→ **PROBLEM STATEMENT**
Repeat every line below exactly, word for word.

→ **Stored records**
================================
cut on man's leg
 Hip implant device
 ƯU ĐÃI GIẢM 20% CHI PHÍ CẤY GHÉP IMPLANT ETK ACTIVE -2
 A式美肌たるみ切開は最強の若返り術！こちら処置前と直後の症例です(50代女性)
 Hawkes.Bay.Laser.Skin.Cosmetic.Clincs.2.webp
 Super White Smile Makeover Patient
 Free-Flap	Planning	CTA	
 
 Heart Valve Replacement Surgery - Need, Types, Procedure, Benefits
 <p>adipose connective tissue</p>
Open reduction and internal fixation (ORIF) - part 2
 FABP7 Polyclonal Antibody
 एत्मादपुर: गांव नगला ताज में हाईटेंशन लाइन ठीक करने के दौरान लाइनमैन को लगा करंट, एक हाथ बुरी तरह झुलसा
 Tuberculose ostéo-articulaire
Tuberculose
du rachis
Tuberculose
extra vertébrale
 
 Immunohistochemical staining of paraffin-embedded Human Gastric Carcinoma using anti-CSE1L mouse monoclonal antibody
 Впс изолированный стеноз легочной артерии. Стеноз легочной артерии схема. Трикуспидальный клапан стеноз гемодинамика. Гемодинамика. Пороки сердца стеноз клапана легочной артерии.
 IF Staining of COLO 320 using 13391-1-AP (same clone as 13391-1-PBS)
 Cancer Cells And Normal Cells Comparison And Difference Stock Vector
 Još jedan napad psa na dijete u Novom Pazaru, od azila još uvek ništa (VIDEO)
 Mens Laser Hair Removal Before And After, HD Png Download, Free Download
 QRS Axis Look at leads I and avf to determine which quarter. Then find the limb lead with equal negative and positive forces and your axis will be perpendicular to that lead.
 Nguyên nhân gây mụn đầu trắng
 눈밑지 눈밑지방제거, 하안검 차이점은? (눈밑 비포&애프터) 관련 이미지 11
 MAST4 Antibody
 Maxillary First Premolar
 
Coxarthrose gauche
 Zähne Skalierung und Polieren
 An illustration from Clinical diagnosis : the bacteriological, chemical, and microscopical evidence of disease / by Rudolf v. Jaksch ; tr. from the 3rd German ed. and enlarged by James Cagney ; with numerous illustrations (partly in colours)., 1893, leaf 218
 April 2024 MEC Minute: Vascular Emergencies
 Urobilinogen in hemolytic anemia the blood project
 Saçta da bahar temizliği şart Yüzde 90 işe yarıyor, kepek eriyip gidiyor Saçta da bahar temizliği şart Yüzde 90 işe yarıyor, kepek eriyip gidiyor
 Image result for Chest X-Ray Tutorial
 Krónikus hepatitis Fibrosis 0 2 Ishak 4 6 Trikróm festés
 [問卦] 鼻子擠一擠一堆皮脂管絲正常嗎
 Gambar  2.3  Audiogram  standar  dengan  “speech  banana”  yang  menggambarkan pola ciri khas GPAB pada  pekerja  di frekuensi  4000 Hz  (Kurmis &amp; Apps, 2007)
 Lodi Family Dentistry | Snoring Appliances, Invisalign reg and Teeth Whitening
================================
→ **RESPONSE TO THIS TASK**
cut on man's leg
 Hip implant device
 ƯU ĐÃI GIẢM 20% CHI PHÍ CẤY GHÉP IMPLANT ETK ACTIVE -2
 A式美肌たるみ切開は最強の若返り術！こちら処置前と直後の症例です(50代女性)
 Hawkes.Bay.Laser.Skin.Cosmetic.Clincs.2.webp
 Super White Smile Makeover Patient
 Free-Flap	Planning	CTA	
 
 Heart Valve Replacement Surgery - Need, Types, Procedure, Benefits
 <p>adipose connective tissue</p>
Open reduction and internal fixation (ORIF) - part 2
 FABP7 Polyclonal Antibody
 एत्मादपुर: गांव नगला ताज में हाईटेंशन लाइन ठीक करने के दौरान लाइनमैन को लगा करंट, एक हाथ बुरी तरह झुलसा
 Tuberculose ostéo-articulaire
Tuberculose
du rachis
Tuberculose
extra vertébrale
 
 Immunohistochemical staining of paraffin-embedded Human Gastric Carcinoma using anti-CSE1L mouse monoclonal antibody
 Впс изолированный стеноз легочной артерии. Стеноз легочной артерии схема. Трикуспидальный клапан стеноз гемодинамика. Гемодинамика. Пороки сердца стеноз клапана легочной артерии.
 IF Staining of COLO 320 using 13391-1-AP (same clone as 13391-1-PBS)
 Cancer Cells And Normal Cells Comparison And Difference Stock Vector
 Još jedan napad psa na dijete u Novom Pazaru, od azila još uvek ništa (VIDEO)
 Mens Laser Hair Removal Before And After, HD Png Download, Free Download
 QRS Axis Look at leads I and avf to determine which quarter. Then find the limb lead with equal negative and positive forces and your axis will be perpendicular to that lead.
 Nguyên nhân gây mụn đầu trắng
 눈밑지 눈밑지방제거, 하안검 차이점은? (눈밑 비포&애프터) 관련 이미지 11
 MAST4 Antibody
 Maxillary First Premolar
 
Coxarthrose gauche
 Zähne Skalierung und Polieren
 An illustration from Clinical diagnosis : the bacteriological, chemical, and microscopical evidence of disease / by Rudolf v. Jaksch ; tr. from the 3rd German ed. and enlarged by James Cagney ; with numerous illustrations (partly in colours)., 1893, leaf 218
 April 2024 MEC Minute: Vascular Emergencies
 Urobilinogen in hemolytic anemia the blood project
 Saçta da bahar temizliği şart Yüzde 90 işe yarıyor, kepek eriyip gidiyor Saçta da bahar temizliği şart Yüzde 90 işe yarıyor, kepek eriyip gidiyor
 Image result for Chest X-Ray Tutorial
 Krónikus hepatitis Fibrosis 0 2 Ishak 4 6 Trikróm festés
 [問卦] 鼻子擠一擠一堆皮脂管絲正常嗎
 Gambar  2.3  Audiogram  standar  dengan  “speech  banana”  yang  menggambarkan pola ciri khas GPAB pada  pekerja  di frekuensi  4000 Hz  (Kurmis &amp; Apps, 2007)
 Lodi Family Dentistry | Snoring Appliances, Invisalign reg and Teeth Whitening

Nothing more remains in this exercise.